In 2009, she won the national Superintendent of the Year award for the gains Atlanta public schools made. Between 2002 and 2009, eighth graders' reading scores on the National Assessment of Educational Progress reading test jumped 14 points--more than that of any other urban area. At the time, Hall said Atlanta's students were "digging out of a deep hole and doing it at a significantly fast rate."

But Gov. Deal's report says Atlanta's school system didn't deserve the praise it received. "Many of the accolades, and much of the praise, received by APS over the last decade were ill-gotten," the report says. "There was a failure of leadership."

Secretary of Education Arne Duncan told 11Alive News, the NBC news affiliate in Atlanta, that he was "stunned" by the revelation. "You really cheat the children, that's the part that's most disappointing about this whole situation."

[Learn how student cheaters often overestimate their intelligence.]

So far, no educators in Atlanta have faced criminal charges.
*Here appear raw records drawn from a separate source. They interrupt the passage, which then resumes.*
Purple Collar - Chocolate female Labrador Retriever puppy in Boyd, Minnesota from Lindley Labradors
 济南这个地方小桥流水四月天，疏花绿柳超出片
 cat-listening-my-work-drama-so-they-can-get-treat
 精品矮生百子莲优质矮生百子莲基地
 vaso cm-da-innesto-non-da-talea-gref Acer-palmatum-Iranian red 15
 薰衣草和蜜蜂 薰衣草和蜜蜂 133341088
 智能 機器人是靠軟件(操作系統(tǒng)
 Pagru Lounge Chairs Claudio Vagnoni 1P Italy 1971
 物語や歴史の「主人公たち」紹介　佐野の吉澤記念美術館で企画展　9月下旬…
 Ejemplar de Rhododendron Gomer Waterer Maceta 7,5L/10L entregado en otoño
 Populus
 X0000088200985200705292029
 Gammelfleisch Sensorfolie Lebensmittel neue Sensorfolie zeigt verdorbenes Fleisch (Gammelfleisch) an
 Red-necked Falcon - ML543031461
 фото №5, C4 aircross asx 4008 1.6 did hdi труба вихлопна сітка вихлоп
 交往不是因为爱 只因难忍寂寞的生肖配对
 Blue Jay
The misconduct extended beyond erasing answers--teachers admitted to placing lower-performing students next to high achievers so they could cheat more easily, pointing to correct answers while students were taking the tests, and reading answers aloud during testing.

The report says a "culture of fear and conspiracy of silence infected this school system, and kept many teachers from speaking freely about misconduct."

Duncan said better test security could prevent cheating from happening in the future, but that the incident was an "isolated" one. However, testing scandals have plagued other school districts. In March, USA Today reported that tests in 103 schools in Washington, D.C. had higher-than-normal erasure rates. Officials in the District are currently investigating the claims.

Testing anomalies have also been found in the cities of Detroit and Baltimore and states including Ohio, Arizona, California, Colorado, and Florida. "The vast majority of people do things the right way," Duncan said.